High-temperature measurements of the Seebeck coefficient and electrical resistivity were performed using an ULVAC-RICO ZEM-3 equipment. The thermal conductivity was calculated using the equation, κ = CpDρ, where Cp is the specific heat, D is the thermal diffusivity, and ρ is the sample density, employing thermal diffusivity values (Fig. S1, ESI†) measured by a LASER Flash (LFA 457, Netzsch). Cp (Fig. S2, ESI†) is calculated using the formula, Cp = Cph,H + CD, where Cph,H and CD are the contributions of the harmonic phonons and lattice dilation, respectively, which can be calculated by employing the sound velocity, thermal expansion coefficient, and density (Table S1†).24
The Hall effect measurements were performed in sample rods in a four-probe configuration using the resistivity option of the physical property measurement system (PPMS, Quantum Design). The measurements were symmetrized to eliminate the magnetoresistance contribution, and the carrier concentration was calculated using the formula, RH = −1/enH, where RH is the Hall coefficient, e is the free electron charge, and nH is the Hall carrier concentration.

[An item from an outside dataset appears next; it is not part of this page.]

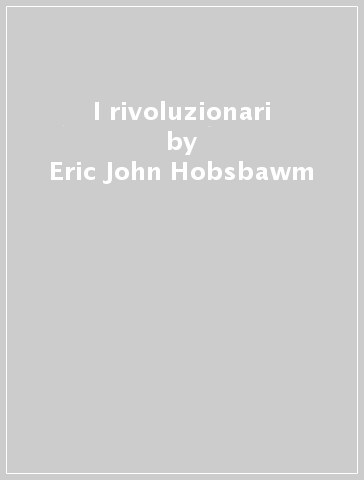 I rivoluzionari - Eric John Hobsbawm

Band structure calculations were performed using density functional theory (DFT) as implemented in the Vienna ab initio simulation package (VASP) code.44–46 The generalized-gradient approximation (GGA) for the exchange–correlation functional is used. The cut-off energy is set to be 500 eV for expanding the wave functions into plane-wave basis. In the calculation, the Brillouin zone (BZ) is sampled in the k space within Monkhorst–Pack scheme.47 On the basis of the equilibrium structure, the k mesh used is 12 × 12 × 12, and spin orbital coupling (SOC) is included in our calculation.
Lattice parameters (Fig. 1d) were determined using Rietveld refinements of the XRD patterns in the F3m space group, displaying an excellent match with the literature data.33 The lattice parameter increases almost linearly with increasing Pt content, which indicates the efficiency of Pt as a donor for NbCoSn. Carrier concentration measurements allow the assessment of the effectiveness of Pt substitution in terms of the electron transfer to the half-Heusler structure. Fig. 1d shows that the carrier concentration follows an approximately linear behaviour with increasing Pt content. Using a simple assumption of one added electron per Pt atom, the estimated carrier concentrations (red dashed line in Fig. 1d) are consistent with the experimental values. The calculated carrier concentration is 9.42 × 1020 cm−3 for x = 0.05, which is close to the experimental value. The results indicate that Pt is a highly effective dopant for this system.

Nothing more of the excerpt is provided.